Les difficultés de réinsertion quand on sort de prison, Nathan Ambrosioni, le réalisateur des « Drapeaux de papier », les a remarquablement intégrées dans la construction du récit qu’il a imaginé et mis en scène. Lorsque Vincent (Guillaume Gouix) retrouve la liberté, il a derrière lui 12 années d’incarcération. Il a tout à redécouvrir, tout à réapprendre et, pour ce faire, il compte sur le soutien de sa sœur Charlie (Noémie Merlant). Quand cette dernière le voit réapparaître, elle accepte, presque malgré elle, de l’héberger, sachant bien qu’il n’a pas d’autre solution. La cohabitation, évidemment, ne sera pas toujours au beau fixe. Même si elle rêve d’être une artiste et de vivre de ses talents de dessinatrice, la réalité de l’existence de Charlie s’avère beaucoup plus prosaïque : elle est caissière dans un supermarché et se bat au quotidien avec ses difficultés financières. Elle exige donc de Vincent qu’il se trouve un emploi. Ce qui pose à celui-ci un dilemme : faut-il avouer la vérité ou s’efforcer de mentir ? Quel employeur donnera sa chance à un homme qui sort de prison ?

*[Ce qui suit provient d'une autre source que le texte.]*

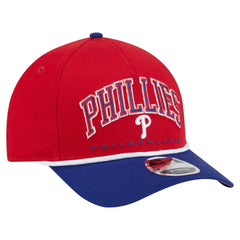 Philadelphia Phillies New Era Arch 9FORTY A-Frame M-Crown Adjustable Hat Lifestyle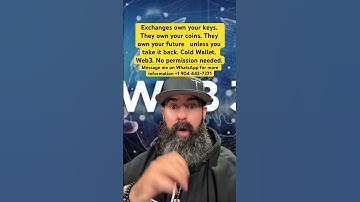 Do not hold your crypto on exchanges or cold wallet make sure you are holding them on Web3 #xrp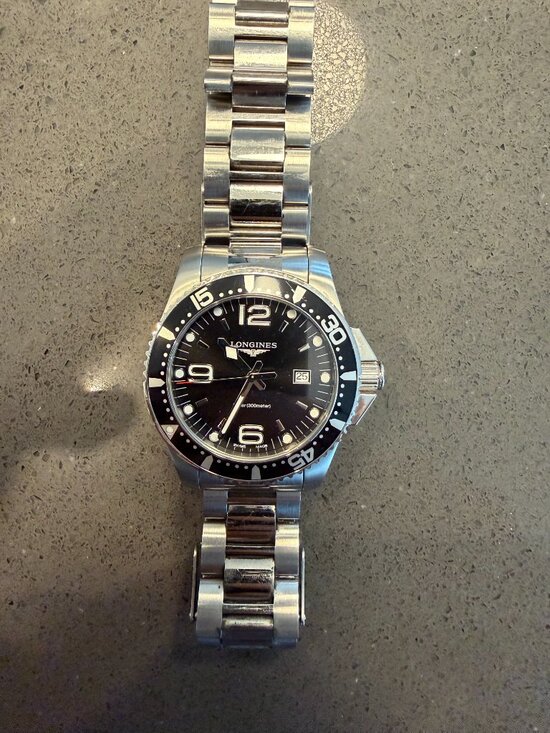 Longines Other - Longines  Hydro Conquest Quartz Black Dial Watch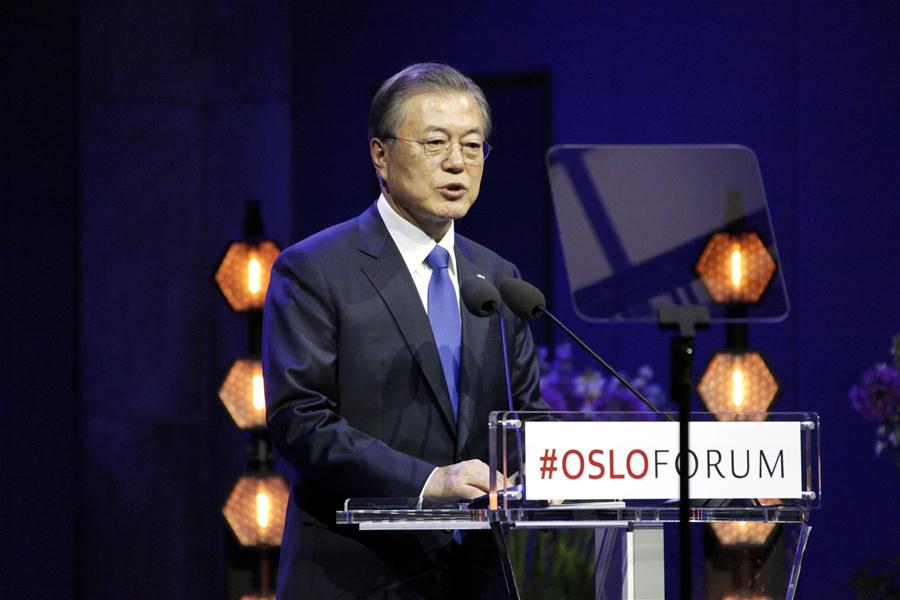 NORWAY-OSLO-SOUTH KOREA-PRESIDENT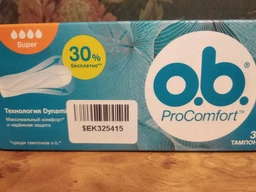 Тампони o.b. ProComfort Super 32 шт. (3574661047188/3574661331171) фото від покупців 1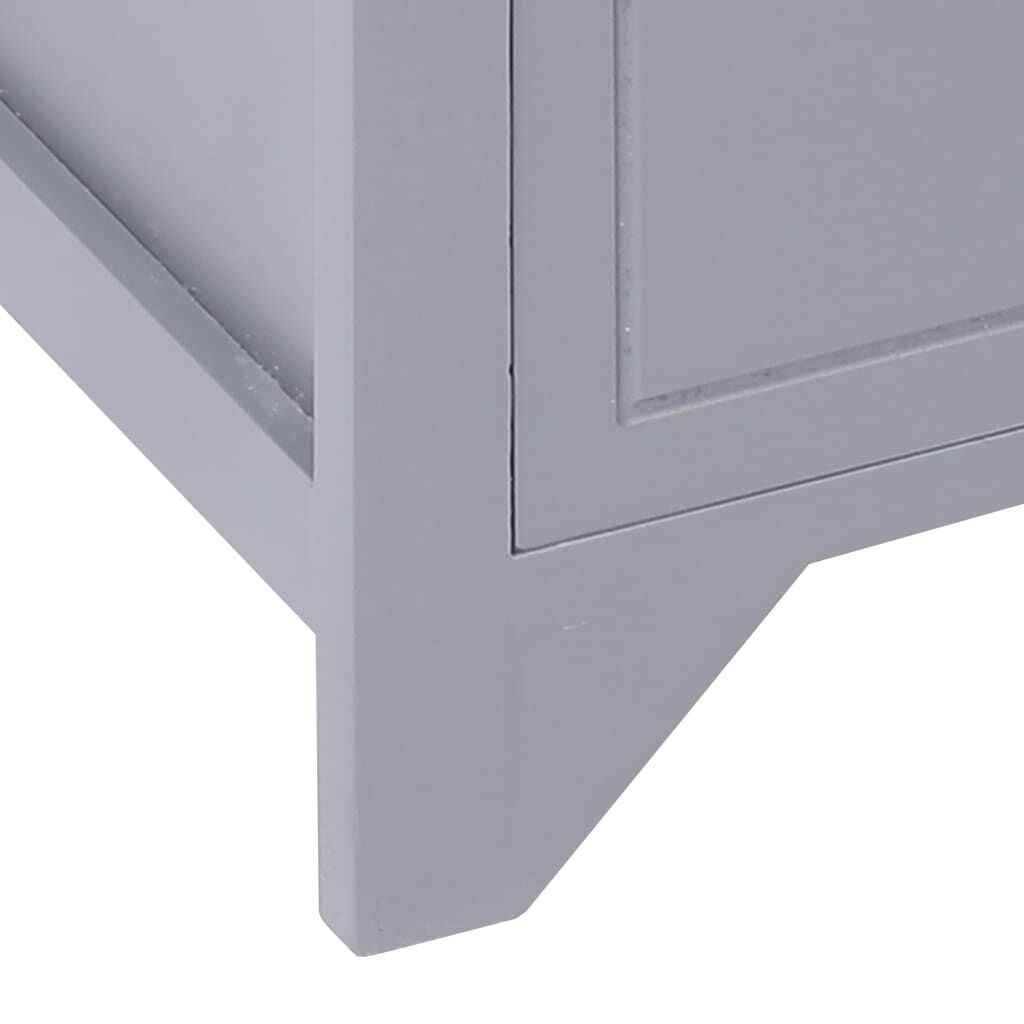 vidaXL Έπιπλο Τηλεόρασης Γκρι 115x30x40 εκ. από Ξύλο Παυλώνιας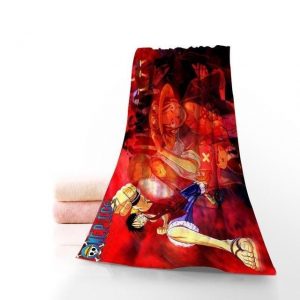 Serviette de Plage One Piece  Monkey D. Luffy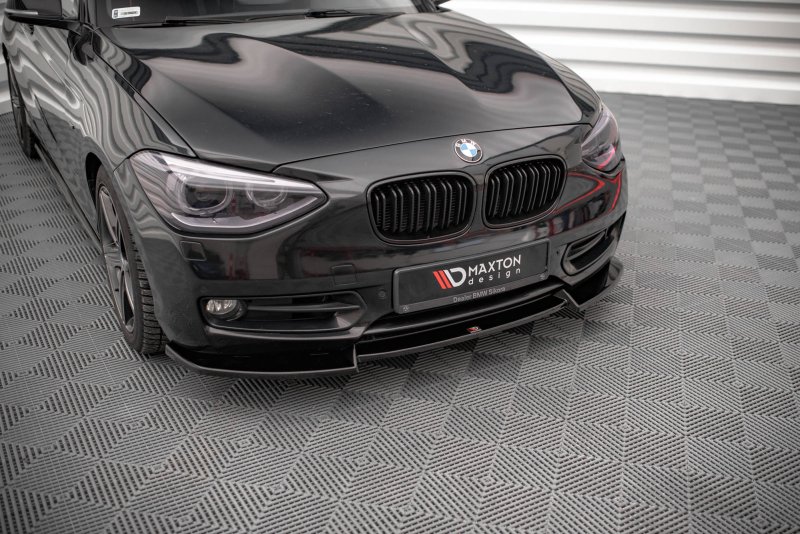 Maxton Front Ansatz V.2 für BMW 1er F20 schwarz Hochglanz BM-1-F20-FD2-G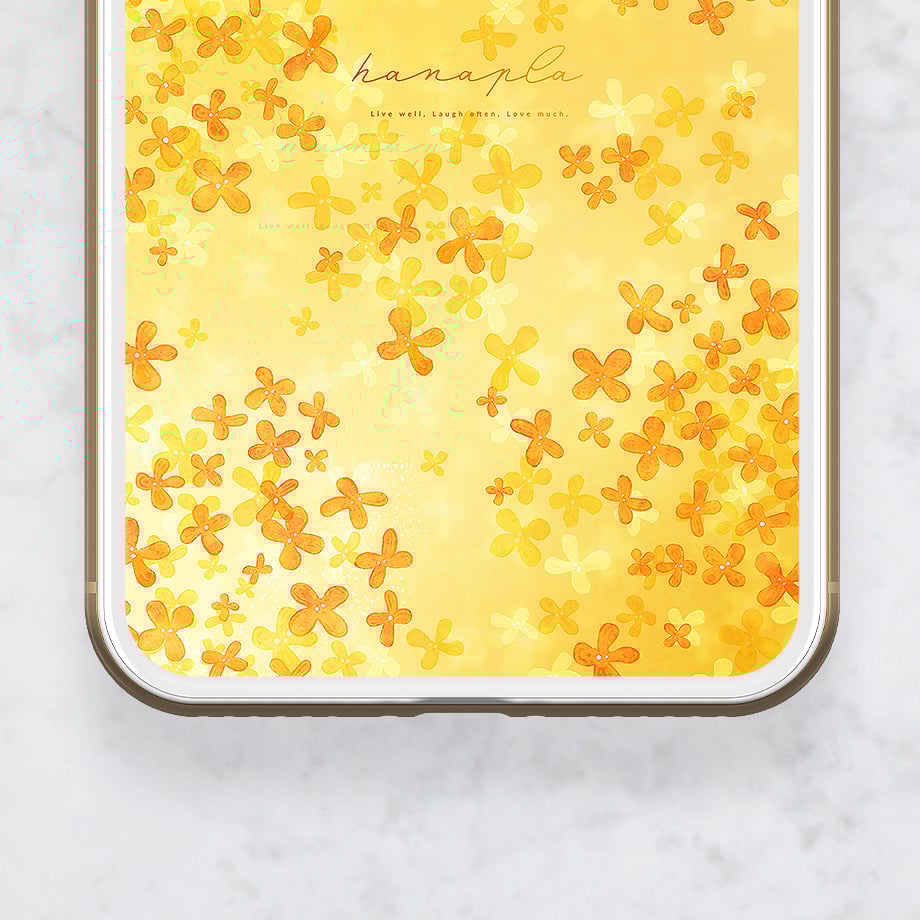 幸福と癒しを呼ぶ金木犀＋数字15】🍊水彩のやさしさと甘い香りを感じる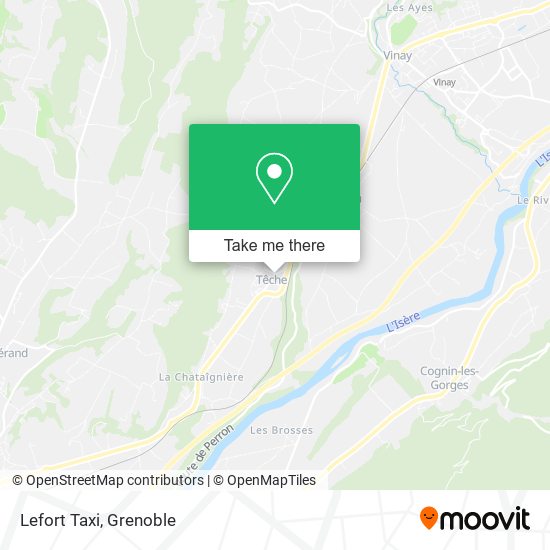 Lefort Taxi map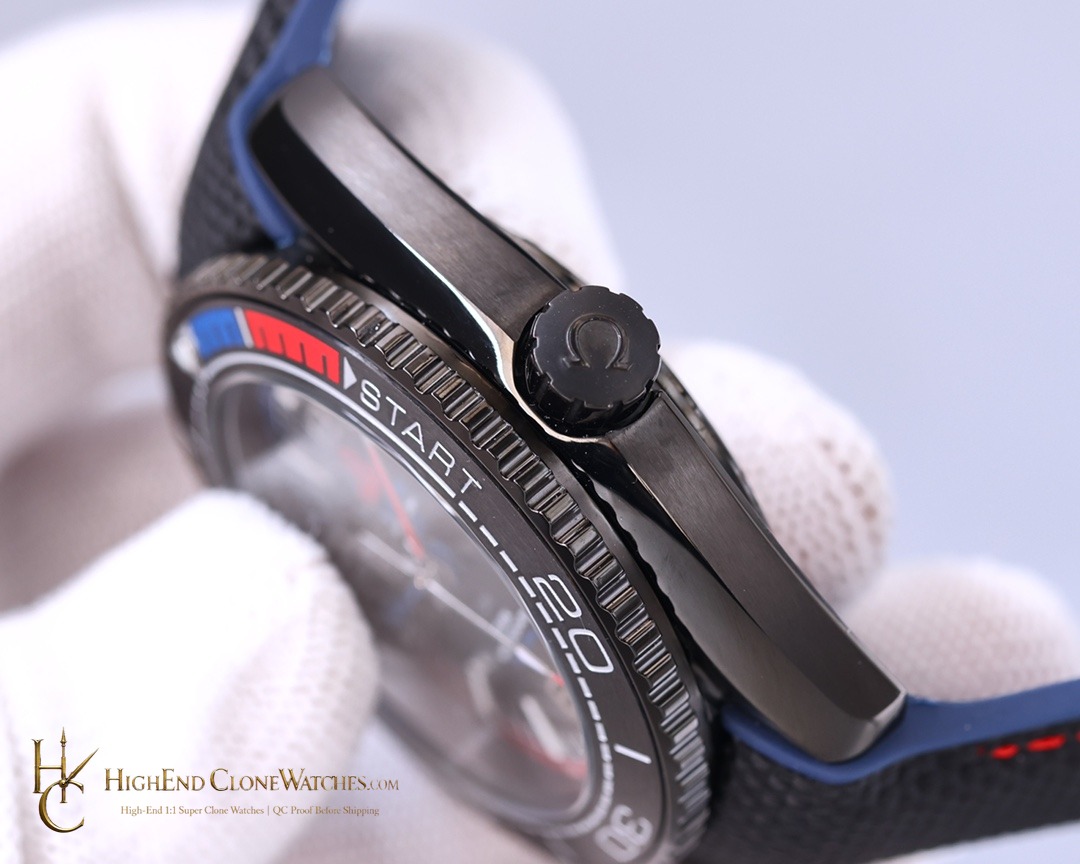 Omega Seamaster Planet Ocean 600M ETNZ Deep Black 215.92.46.22.01.004 45.5mm product view super clone watch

Pour compliquer encore la situation, il s’avère que Vincent est sujet à des troubles du comportement qui peuvent se manifester par des accès de violence. Et les entretiens avec une psychologue, qui lui ont été prescrits, ne suffisent pas nécessairement à les canaliser. Et puis, il y a la figure du père. Un père qui a renié son fils et qui apparaît, cependant, sans se douter qu’il sera en présence de ce dernier. La scène qui réunit Charlie, Vincent et leur père autour d’une même table est particulièrement intense, émotionnellement très forte et spécialement bien dirigée : tout y converge sur une question de regard (ou de son refus).
Cela dit, de grandes qualités de mise en scène sont également présentes tout au long du film. Nathan Ambrosioni a judicieusement choisi de privilégier les gros plans, ce qui, dans une histoire telle que celle-ci, qui fait la part belle à deux personnages, à leurs émotions respectives, convient à merveille. Quant aux performances des deux interprètes principaux, elles méritent tous les éloges. Guillaume Gouix incarne parfaitement un personnage à la fois fragile, déboussolé et capable de soudaines poussées de violence. Quant à Noémie Merlant, dont le talent ne cesse de s’épanouir de film en film, elle donne à son personnage une extraordinaire densité. Autant de savoir-faire conjugués apportent au film une formidable crédibilité.